Mais on a assisté à un emballement. La puissance installée fin 2010 était déjà de 973 MW, dont 90 % en métropole et 10 % outre-mer. Cette croissance ne donne qu'une faible idée des projets en cours de développement à la fin de l'année 2010, qui représentaient une puissance totale de 6 400 MW. L'objectif de 2020 - 5400 MW - était déjà dépassé !

L'électricité photovoltaïque a des coûts de production particulièrement élevés. Ce n'est qu'en 2020 qu'on atteindra peut-être en France la « parité réseau », c'est-à-dire le moment où cette électricité sera rentable sans soutien public. La France n'est pas le sud de l'Italie, où les projets s'autofinancent grâce à un ensoleillement plus fort ; elle ne peut compter que sur des innovations technologiques.

En outre, le raccordement de l'électricité photovoltaïque peut dans certains cas perturber le réseau de distribution : l'architecture des réseaux et leur dimensionnement, en France, n'ont pas été prévus pour intégrer des installations de production d'électricité au niveau local, mais pour couvrir tout le territoire. On projette par exemple de construire un grand champ de panneaux photovoltaïques dans les Landes ; la première tranche représente à elle seule 150 MGW, dans un département où l'on consomme peu d'électricité. ERDF devra consentir un investissement important pour raccorder le site au réseau !

Le soutien public, par le biais d'un tarif d'achat avantageux, est-il justifié ? Oui bien sûr, si l'on tient compte des avantages environnementaux du photovoltaïque et des investissements nécessaires pour faire progresser cette technologie encore jeune. Mais ce soutien a un coût, et c'est le consommateur qui paie via la contribution au service public de l'électricité (CSPE) : 30 % de son produit est affecté à l'achat d'électricité provenant des énergies renouvelables. Il faudra un jour discuter de l'augmentation récurrente de la CSPE : c'est un baudet que l'on charge sans trop y regarder ! Un parc photovoltaïque de 1 mégawatt (MW) représente une charge de 560 millions d'euros chaque année sur la facture des consommateurs, pendant une durée de 20 ans...

La décision du Gouvernement était donc indispensable. Mais alors que MM. Charpin et Trink, à qui a été confiée une mission de concertation, disent avoir procédé à de nombreuses auditions, les professionnels ont le sentiment de ne pas avoir été entendus. Selon eux, 25 000 emplois sont menacés. Mais je rappelle que l'installation de panneaux occupe à elle seule 20 000 personnes, quand le reste de la filière - création et production - en emploie moins de 5000.

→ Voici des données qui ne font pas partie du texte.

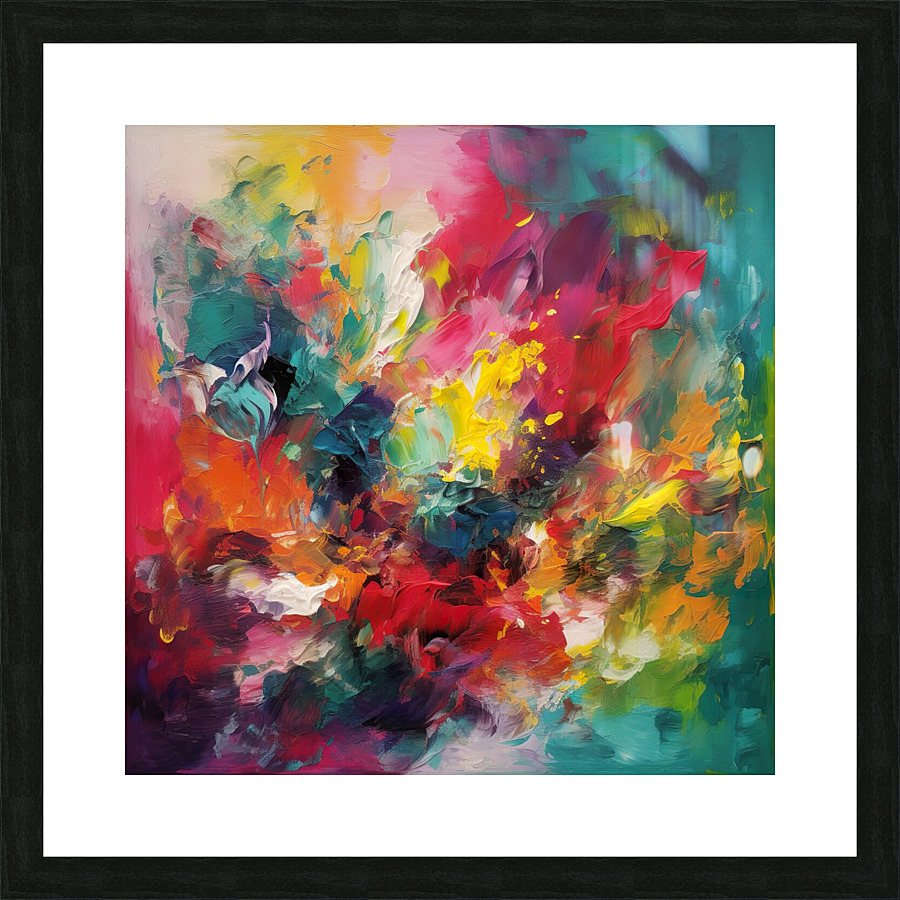 Smoke and Fire Picture Frame Printing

Les arrêtés du 4 mars définissent une cible de 500 MW par an pour les nouveaux projets. Beaucoup de professionnels disent qu'il en faudrait 800 pour que la filière survive ; nous pourrons éventuellement rectifier le tir lors de la revoyure, en 2012. S'agissant des petites toitures - dont certaines n'étaient pas concernées par le moratoire -, la trajectoire prévue est de 100 MW pour les toitures résidentielles et de 100 MW pour les non résidentielles. Le tarif d'achat baisse d'ores et déjà de 20 %. Pour ce qui est des centrales au sol et des grandes toitures de plus de 100 kW, le tarif d'achat est remplacé par des appels d'offres, avec un objectif de 140 MW pour les grandes toitures et de 160 MW pour les centrales au sol. Ces appels d'offres seront simplifiés pour les installations de moins de 250 kW. Enfin une garantie bancaire sera exigée pour les installations de plus de 9 kW, afin d'éliminer les projets purement spéculatifs déposés par des bureaux d'études.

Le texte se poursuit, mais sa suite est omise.